Forget Jagger’s induction (twice) into the Rock and Roll Hall of Fame, the UK Music Hall of Fame, the knighthood for his services to popular music, the 13 No. 1 singles … the countless imitators he has inspired, from Steven Tyler on down.


Those were just appetizers and aperitifs. In 2019, NASA named a rock that rolled when the Insight lander touched down on Mars after the Rolling Stones, natch. The band’s frontman of wealth and taste, and surtout permanent girl reaction, has had an extinct genus of ungulates related to hippopotamuses (hippopotami?) named after him: Jaggermeryx. Sounds like a character in Bleak House.

Aegrotocatellus jaggeri is an extinct species of trilobites, fossils of which are sometimes found in Nunavut. As is Margaret Trudeau. Coincidence? I saw her today at the reception, a glass of wine in her hand. Dressed in her summer clothes. (Sorry. Final obtrusion.)

The point is that our parents, just as smart and well-versed in the things that mattered in their world as we are in ours, couldn’t have been more wrong about how history would unfold. About who would be revealed to be pervs and psychos, who would eventually be cherished.

Diabolical Ozzy Osbourne has morphed into a slow-moving, unthreatening old poop with a soft, rounded affect — a modern version of Foster Brooks, the bearded guy who always turned up as a lovable drunk at Dean Martin Celebrity Roasts.


Alice Cooper, once feared and reviled for biting the head off a chicken and drinking the blood (which never happened, by the way), spends more time on golf courses than Bob Hope.

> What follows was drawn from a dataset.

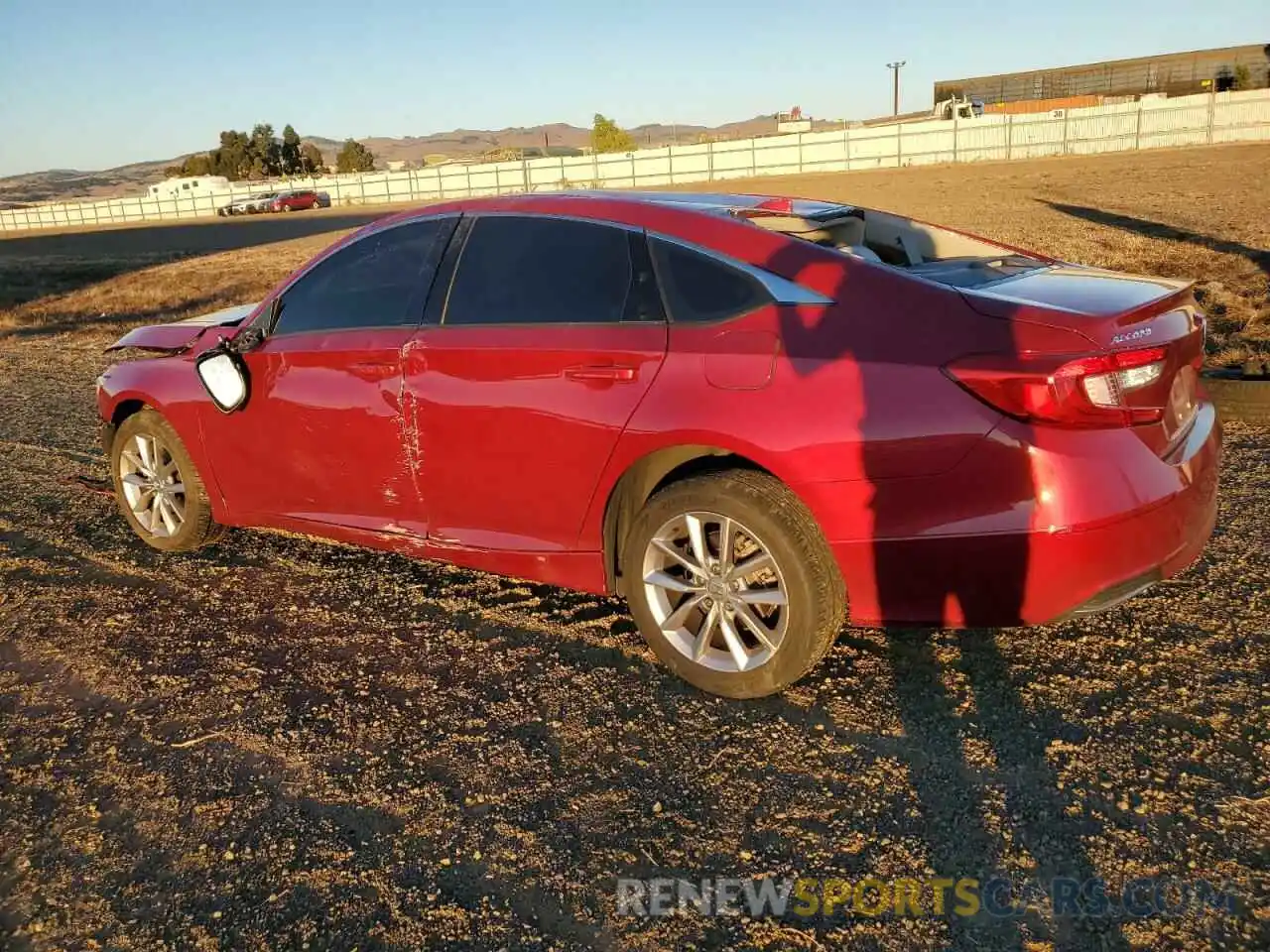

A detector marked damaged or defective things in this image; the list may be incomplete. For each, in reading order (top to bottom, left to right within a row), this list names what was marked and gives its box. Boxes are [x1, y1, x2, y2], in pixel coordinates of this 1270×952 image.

damaged red car [98, 191, 1218, 700]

Moral: You can’t always get what you thought.

Does this open the possibility, however unlikely it seems, that there might be some redeeming merit to the pop music of today that strikes many in — I dare say most of — the golden-ager demographic as commercially calculated dreck dipped in counterfeit country dross? You know what I’m talking about: The Taylor Swiftization of pop, with its earnest Grade 7 composition-class lyrics and whitebread, Snapchat: Share the Moment melodies.

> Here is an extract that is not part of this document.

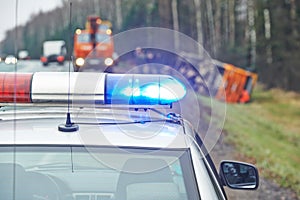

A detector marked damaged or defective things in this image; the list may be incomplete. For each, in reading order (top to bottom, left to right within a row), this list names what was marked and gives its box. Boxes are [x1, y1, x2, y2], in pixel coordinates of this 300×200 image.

overturned orange truck [73, 15, 116, 72]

Is it possible that we are no longer capable of hearing what young people hear? Conceivable that TikTok, Instagram and Call of Duty Modern Warfare II enhance human powers of concentration? Is the ineluctable creep of old-fartedness making us wanna see the sun blotted out from the sky?

Well, maybe. Probably, even. Yeah-no. Still, you got to roll me and call me the tumblin’ dice (call me the tumblin’), ’cause like our parents before us, I just don’t get it. Did I wait too long to start swimming and sink like a stone?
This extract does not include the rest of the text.